Given data:
*** Block opens ***

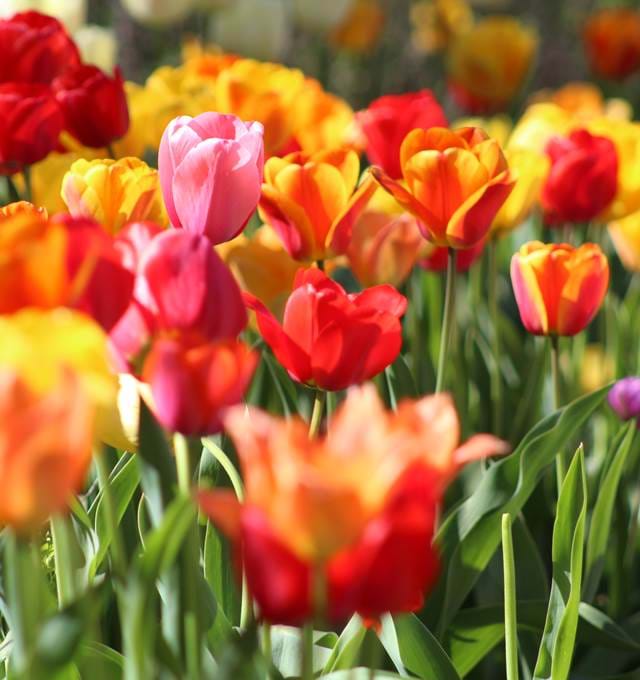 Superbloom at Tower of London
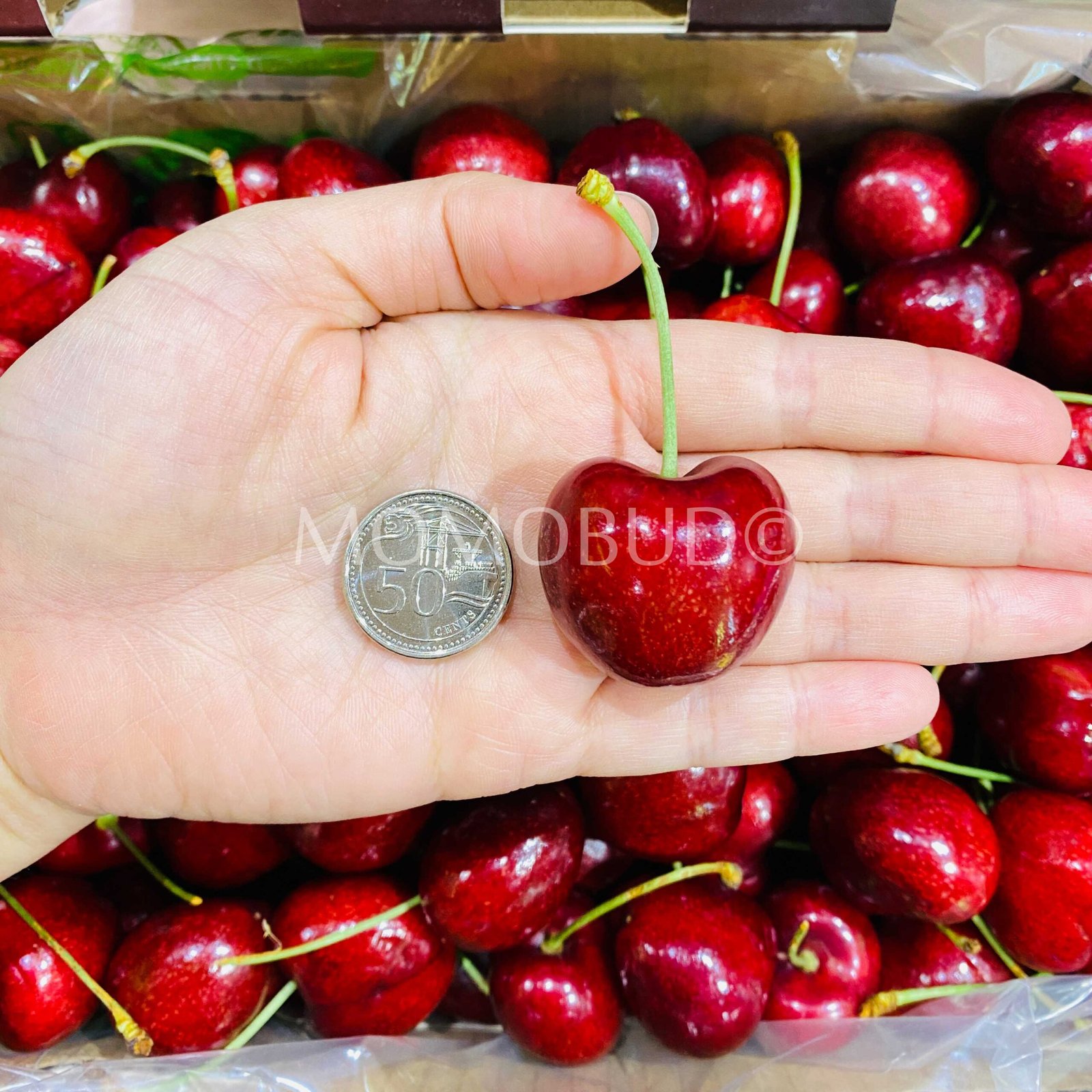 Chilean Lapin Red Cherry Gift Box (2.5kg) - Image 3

*** Block closes ***
*** Block opens ***

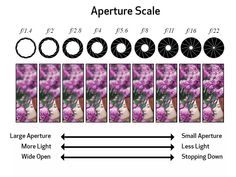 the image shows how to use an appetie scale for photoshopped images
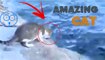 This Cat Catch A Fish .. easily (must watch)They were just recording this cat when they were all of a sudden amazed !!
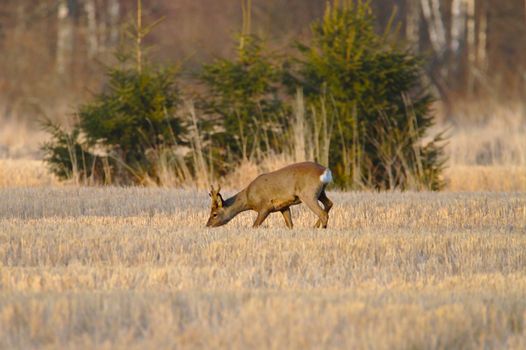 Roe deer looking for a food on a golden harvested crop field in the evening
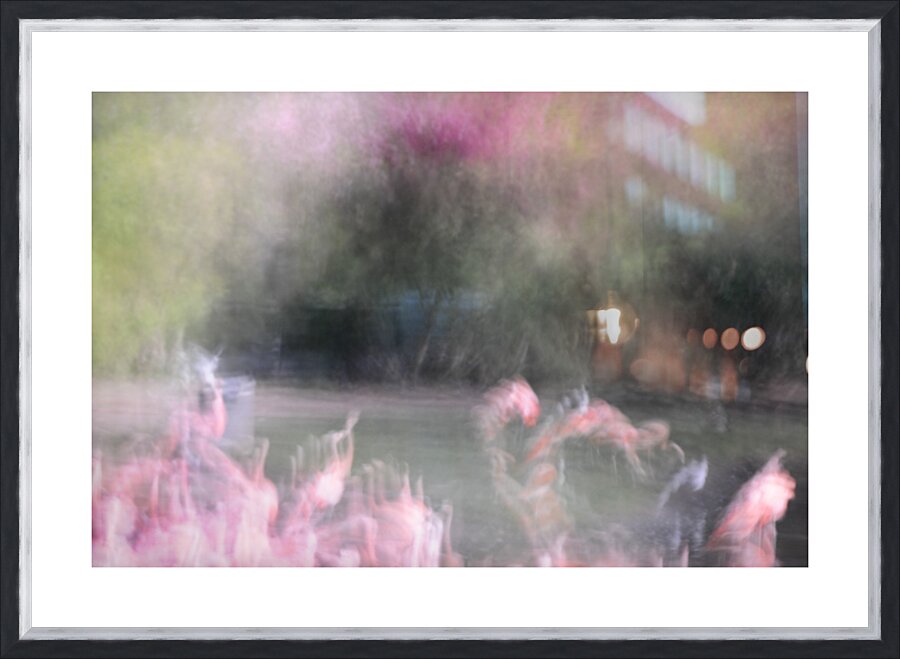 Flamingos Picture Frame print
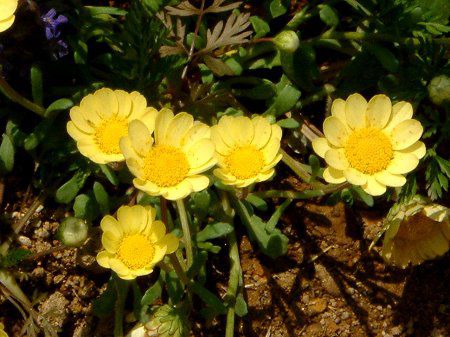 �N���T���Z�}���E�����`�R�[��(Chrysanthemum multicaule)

*** Block closes ***

In the records above, copy exactly everything from the line that has "Superbloom at Tower of London" down to the line that has "Chilean Lapin Red", both ends included, and leave out the pictures.

 Superbloom at Tower of London
 Chilean Lapin Red Cherry Gift Box (2.5kg) - Image 3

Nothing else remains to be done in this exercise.